Empire Guano Co. v. Ellis

Decision Date13 November 1923
Docket Number6 Div. 241.
Citation98 So. 38,19 Ala.App. 463
PartiesEMPIRE GUANO CO. v. ELLIS.
CourtAlabama Court of Appeals

Appeal from Circuit Court, Blount County; O. A. Steele, Judge.

Action by the Empire Guano Company against D. A. Ellis. From a judgment for defendant, plaintiff appeals. Affirmed.

James Kay, of Oneonta, for appellant.

Ward Nash & Fendley, of Oneonta, for appellee.

BRICKEN P.J.

The appellant brought its action against appellee in the court below, to recover the sum of $125.25, with accrued interest and the additional sum of $20 as a reasonable attorney's fee, all alleged to be due under a certain promissory note which is set out in the bill of exceptions.

The defendant interposed several pleas: (1) The general issue; (2) non est factum; (3, 4, and 5) interposed the defense of an alteration in the note sued on after its execution, without the knowledge or consent of the maker; (6) failure of consideration.

The complaint alleged that the note in question was executed by defendant on April 5, 1920, and was payable to Goddard Bros. & Copeland, and was indorsed to the plaintiff, the Empire Guano Company, for a valuable consideration before maturity and in the usual course of trade.

Plaintiff demurred to defendant's pleas 3, 4, 5, and 6 upon the four grounds noted in the demurrer. The first four assignments of error are predicated and based upon the action of the trial court in overruling the demurrers.

The ruling of the trial court upon the demurrers in question is not available to appellant for the reason that the record fails to show any judgment of the trial court upon said demurrer. The bill of exceptions contains a statement that the court overruled the plaintiff's demurrer to defendant's pleas, but this is no more than a bench entry, and, besides, it is not the office of a bill of exceptions to show the judgment of the trial court on demurrer.

The judgment of the trial court on plaintiff's demurrer not being shown by the record proper, this court cannot consider assignments of error based upon the action of the court in overruling said demurrers. Ala. Fuel & Iron Co. v. Vaughan, 205 Ala. 589, 88 So. 857; Seaboard Air Line Ry. Co. v. Pemberton, 202 Ala. 55, 79 So. 393.

The fifth and sixth assignments of error are predicated upon the action of the trial court in finding the issue involved in the case in favor of the defendant, and in entering judgment accordingly.
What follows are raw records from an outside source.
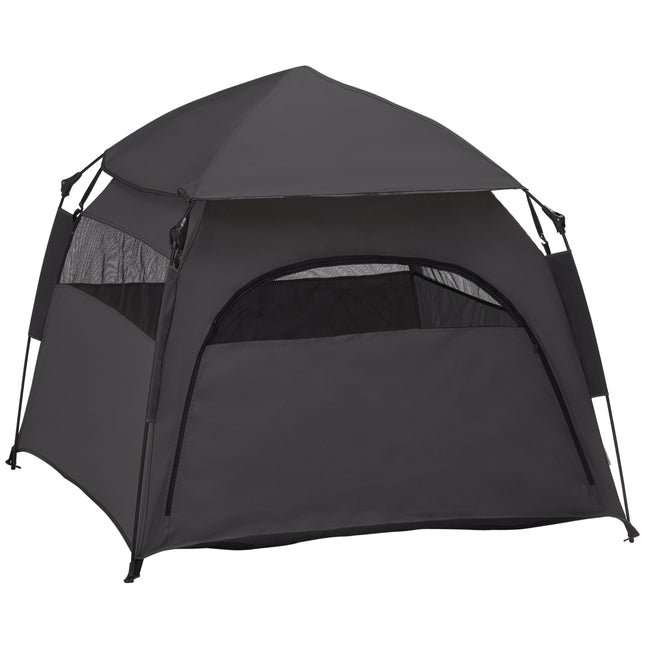 Foldable Extra Large Dog Cat Tent with Water-Resistant Oxford Fabric - Charcoal Grey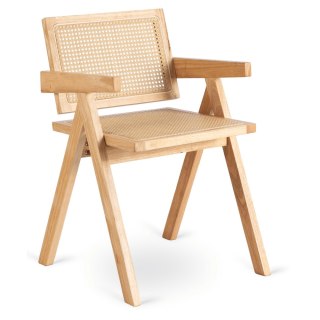 Krzesło MADERA Dąb/Beż Ażurowe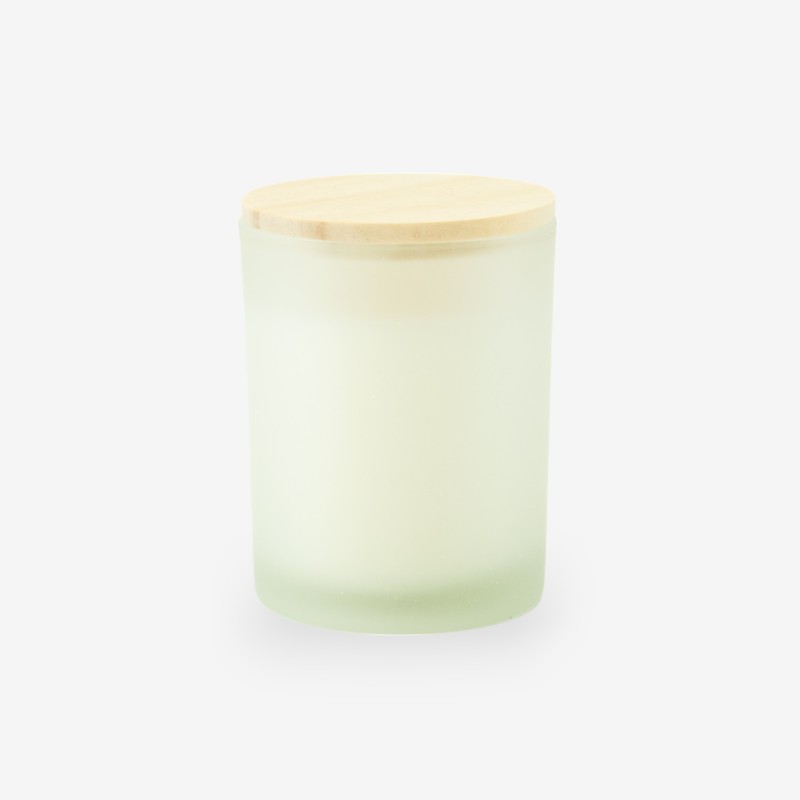 Bougie parfumée avec couvercle en bois – blanc effet givré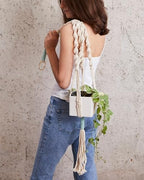 PILLOWPIA Macrame Plant Hanger 55" – Indoor Outdoor Hanging Planter Rack for Ceiling, Wall, or Window – Boho Rope Plant Holder for 10" Pots – Decorative Garden & Patio Plant Accessory – Sea Glass - Image 6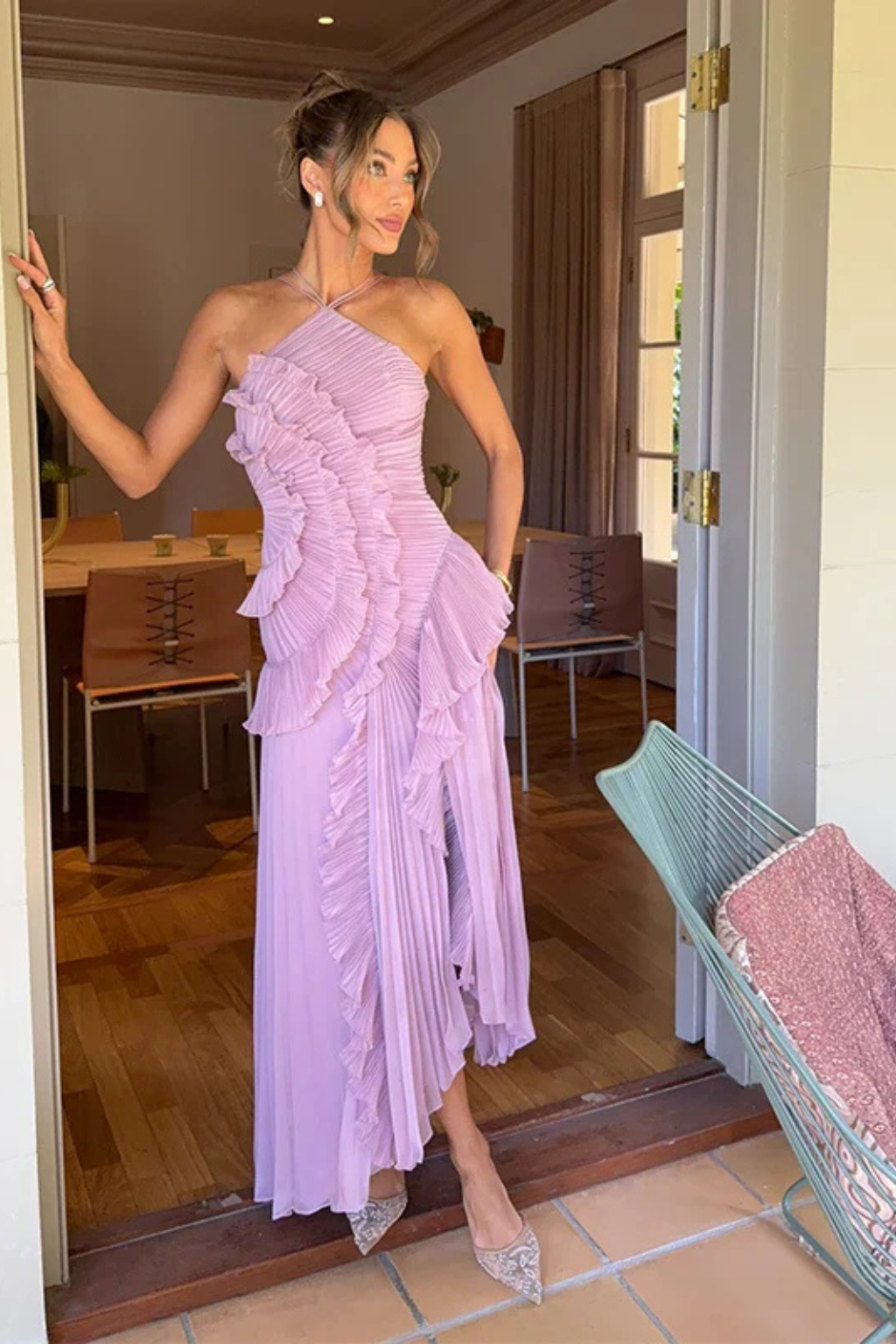Klaudia | Sukienka Maxi Na Wesele Falbany Halter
It is the contention of appellant that the note sued on is a negotiable instrument under the commercial law, and that the same was in the hands of a bona fide purchaser for value without notice of its defects, defenses, or imperfections. The defendant (appellee in this cause), however, interposed in the court below his pleas of alteration, failure of consideration, and non est factum. It is true that a plea of failure of consideration, or want of consideration, or of alteration, would be immaterial in a suit on a negotiable instrument. by an innocent purchaser thereof for value, but said pleas should have been eliminated, either by a motion to strike or proper demurrer, and the ruling of the trial court should have been invoked upon said motion or demurrer, and the judgment of the trial court thereon should be shown by the record.

The judgment entry here recites that issue was joined between the plaintiff and defendant. So, then, the only question for this court to consider is whether or not the defendant offered sufficient proof in support of his immaterial pleas. Plea 3 asserts that-

The "note sued on has been materially changed in this Words and figures '1,000 lbs. of F. 10-0-4' have been inserted in the face of said note since execution thereof without the knowledge or the consent of the said defendant."

Plea No. 4 asserts that-

The "note herein sued on has been materially changed in this: Words and figures '2,000
...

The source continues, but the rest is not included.